日本政策金融公庫の融資制度の中で「生活衛生貸付」という融資があります。
生活衛生貸付とは、日本政策金融公庫が行っている国民生活事業の事業資金融資のことです。この融資制度の対象者は「生活衛生関係営業者」となっており、具体的には飲食業では喫茶店・スナック・バー・専門料理店など、販売業では食鳥肉販売店・食肉販売店、サービス業では理容店・美容店・クリーニング店・ホテル・旅館・興行場・公衆浴場になります。
今回は日本政策金融公庫の融資制度である「生活衛生貸付」について解説します。
生活衛生貸付の対象業種
以下のような事業が日本政策金融公庫「生活衛生貸付」の対象になります。
- 飲食店営業(ラーメン店、すし店など)
- 喫茶店営業(喫茶店など)
- 食肉販売業(食肉販売業、食鳥肉販売業)
- 氷雪販売業(主として氷を小売・卸売する営業)
- 理容業(理髪店、床屋など)
- 美容業(美容室・院、結髪業、ビューティーサロン)
- 興行場営業(映画館、劇場、シアターなど)
- 旅館業(旅館・ペンションなど)
- 浴場業(一般公衆浴場業、サウナ営業)
- クリーニング業(クリーニング業、貸タオル業、リネンサプライ業など)
- 理容師養成施設・美容師養成施設(理容学校、美容学校)
これらの事業を開業するにあたり、設備だけで多額のお金がかかります。

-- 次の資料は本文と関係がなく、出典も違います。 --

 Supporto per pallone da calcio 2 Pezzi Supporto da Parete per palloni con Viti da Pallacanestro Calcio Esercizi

そこで役に立つのが生活衛生貸付になります。創業融資でも申請数が多い飲食店、美容、スナック・バーの方はこの融資制度を受けている方が多いです。
生活衛生貸付の融資制度
生活衛生貸付には主に以下の融資制度があります。
一般貸付
新規開業したい方やおおむね開業後7年以内の方に向けての設備資金への融資制度です。
生活衛生関係の事業を営む方に対する設備資金の為の融資になり、運転資金での融資はありません。設備資金とは、店舗を借りる費用や内装工事や設備工事費用など、いろいろな初期費用のことです。

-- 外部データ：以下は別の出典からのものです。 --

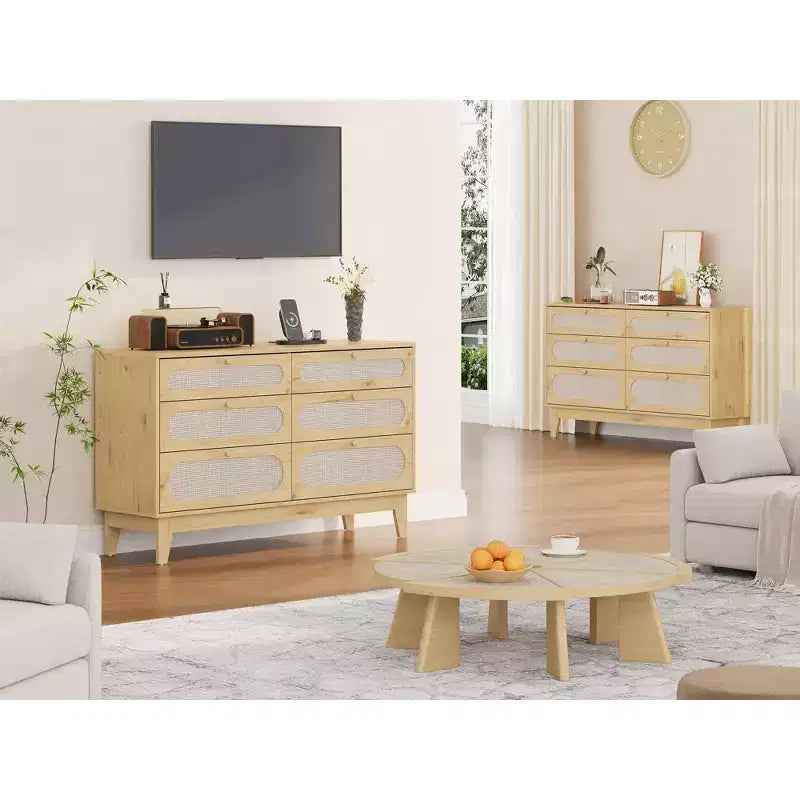 Cassettiera in Rattan con Prese di Corrente per Camera da Letto, Armadio Moderno Naturale con Maniglie e Gambe in Legno, Dotato di Kit Antiribaltamento, Rovere Naturale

比較的低い金利で融資を受けることができ、返済期間が13年以内(据置1年以内)となっているため、経営しながらの返済計画を立てることができるでしょう。
利用条件
生活衛生関係の事業を営む方および理容学校・美容学校を経営する方
資金用途
設備資金
融資限度額
飲食店営業、喫茶店営業、食肉販売業、食鳥肉販売業、氷雪販売業、理容業、美容業、その他公衆浴場業:7,200万円
一般公衆浴場業:3億円以内(2施設以上の場合4億8,000万円)
旅館業:4億円
興行場営業、サウナ営業:2億円
クリーニング業:1億2,000万円
返済期間(うち据置期間)
13年以内(1年以内、返済期間が7年超の場合2年以内)
[一般公衆浴場業は30年以内]
細かな詳細については。(出典:株式会社日本政策金融公庫ホームページ「一般貸付」)からご確認ください
振興事業貸付
振興事業貸付の融資制度受ける条件は生活衛生同業組合の組合員であることになります。融資申込と同時に組合員の申請をすることができます。組合に加入すれば組合費はかかりますが、ある程度の融資額を借りる方であれば、利息が下がるメリットが上回る方が多いです。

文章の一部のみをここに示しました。